Abstract

In this paper, we study a strongly coupled reaction-diffusion system describing three interacting species in a food chain model, where the third species preys on the second one and simultaneously the second species preys on the first one. An intra-species competition b2 among the second predator is introduced to the food chain model. This parameter produces some very interesting result in linear stability and Turing instability. We first show that the unique positive equilibrium solution is locally asymptotically stable for the corresponding ODE system when the intra-species competition exists among the second predator. The positive equilibrium solution remains linearly stable for the reaction diffusion system without cross diffusion, hence it does not belong to the classical Turing instability scheme. But it becomes linearly unstable only when cross-diffusion also plays a role in the reaction-diffusion system, hence the instability is driven solely from the effect of cross diffusion.
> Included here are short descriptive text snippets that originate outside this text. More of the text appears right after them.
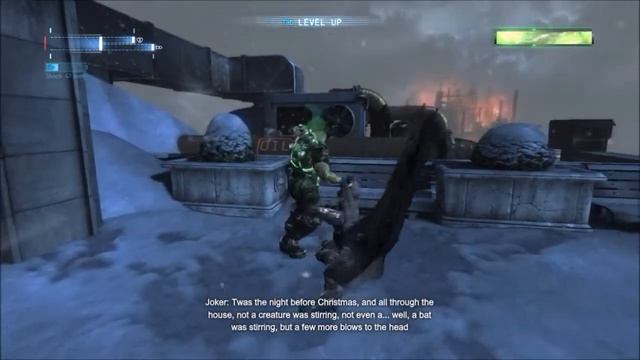 Batman Arkham Origins: Batmman vs Bane first face off (gt-740m 64-bit) смотреть онлайн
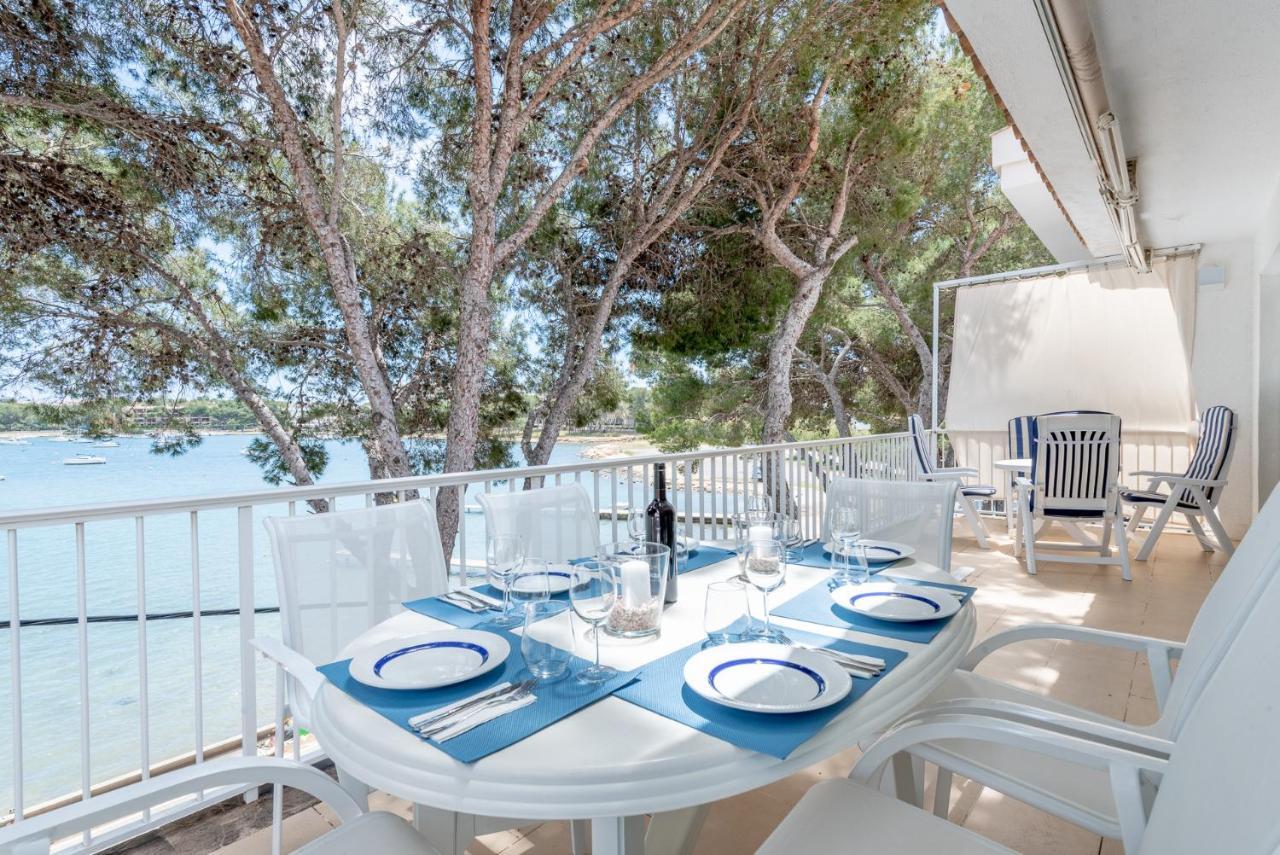Pins I Mar Apartment Puerto Colom Ngoại thất bức ảnh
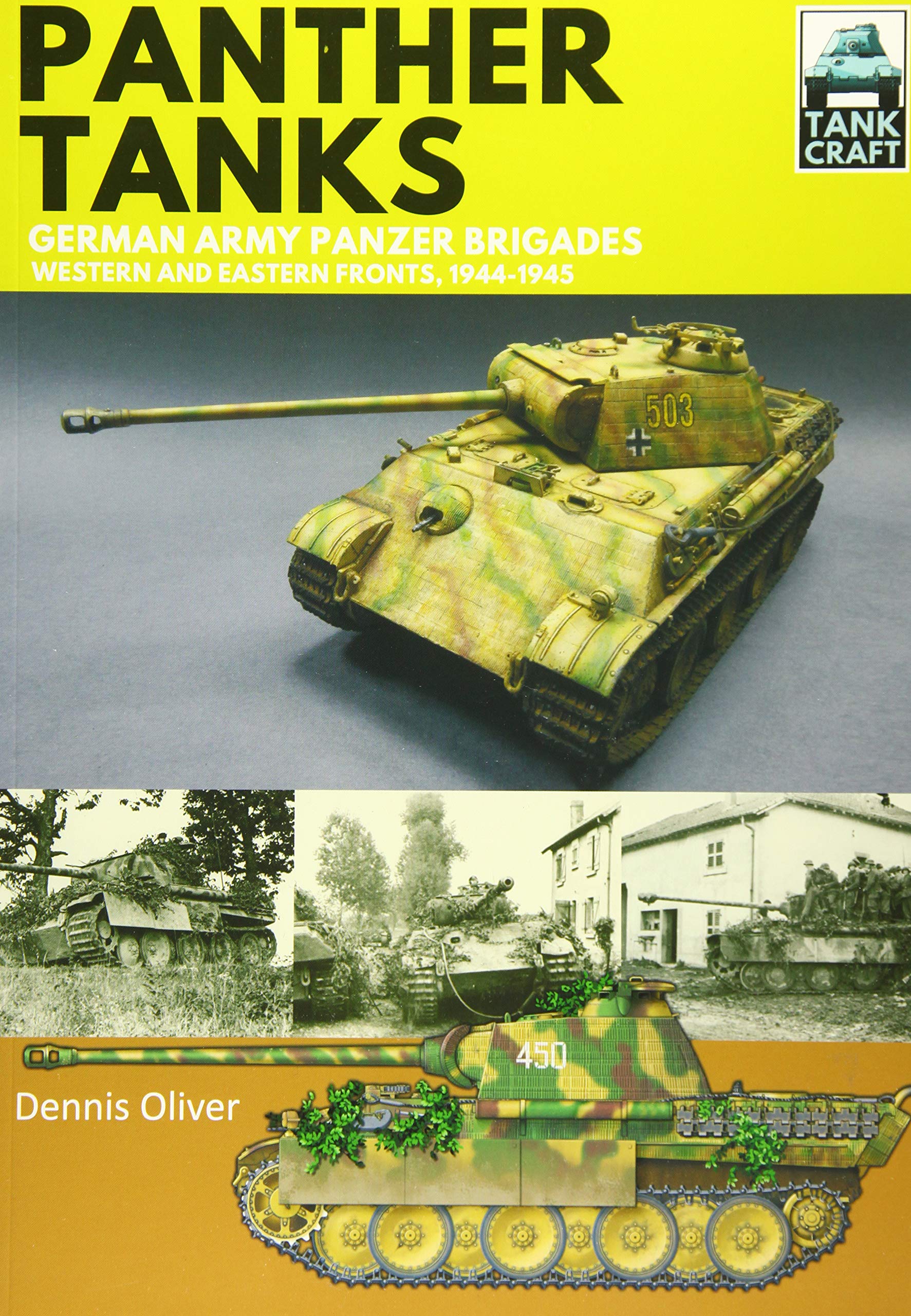 Panther Tanks - German Army Panzer Brigades Social Sciences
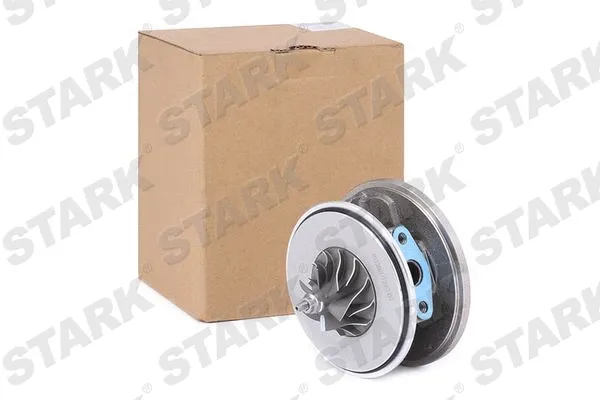 Core assembly, turbocharger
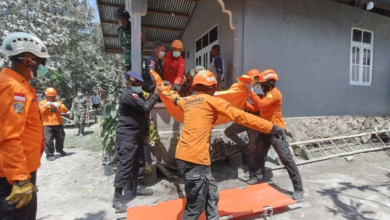 Indonesia’s Mount Merapi Erupts Again, Raising Alarm After Fatal Eruption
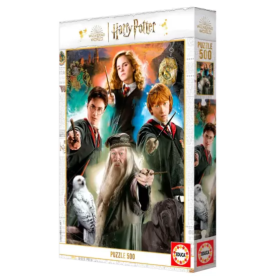 Puzzle Harry Potter 500 Pcs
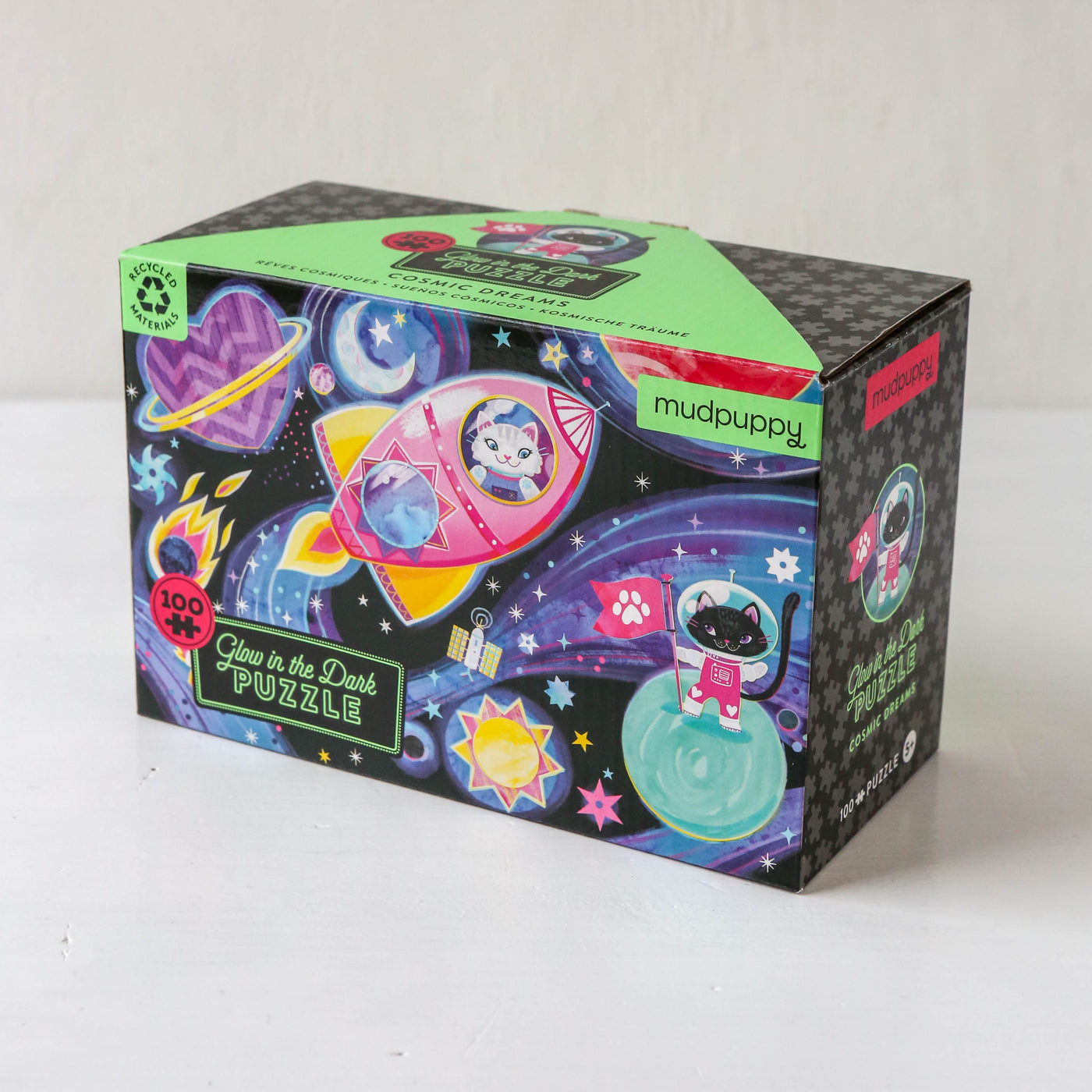 Cosmic Dreams Glow in the Dark 100 Piece Puzzle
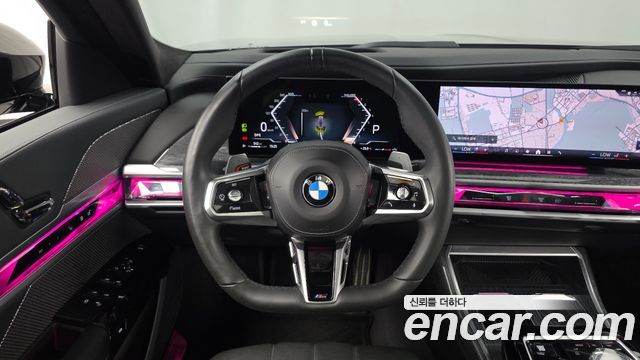 BMW 7 Series (G70) 740i sDrive M Sport 2023 — фото 13
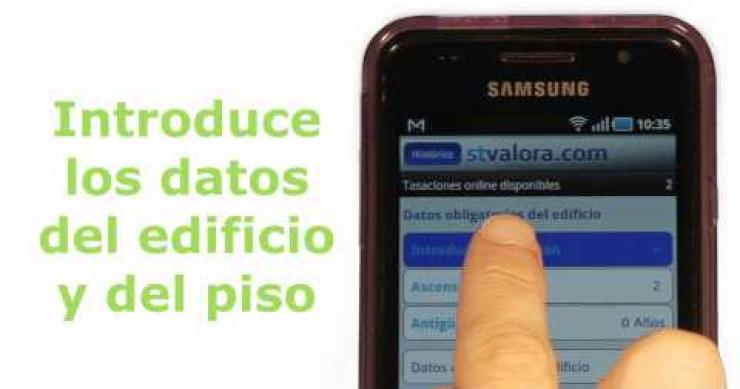 Stvalora.com, el canal online de ST-Sociedad de Tasación, lanza una aplicación Android de tasación online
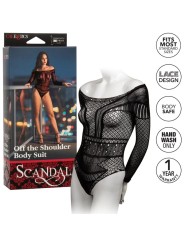 CALEXOTICS - SCANDAL TEDDY ONE SIZE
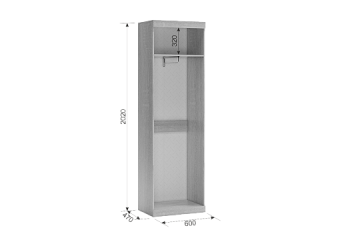 Мини-стенка Макси Компоновка №1 (2450) в Сухом Логу - suhoj-log.mebel-e96.ru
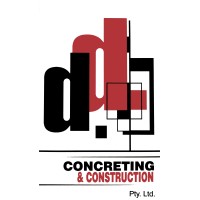 D&D Concreting & Construction Logo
Our results also exhibit some interesting combining effects of cross-diffusion, intra-species competitions and inter-species interactions. Numerically, we conduct a one parameter analysis which illustrate how the interactions change the existence of stable equilibrium, limit cycle, and chaos. Some interesting dynamical phenomena occur when we perform analysis of interactions in terms of self-production of prey and intra-species competition of the middle predator. By numerical simulations, it illustrates the existence of nonuniform steady solutions and new patterns such as spot patterns, strip patterns and fluctuations due to the diffusion and cross diffusion in two-dimension.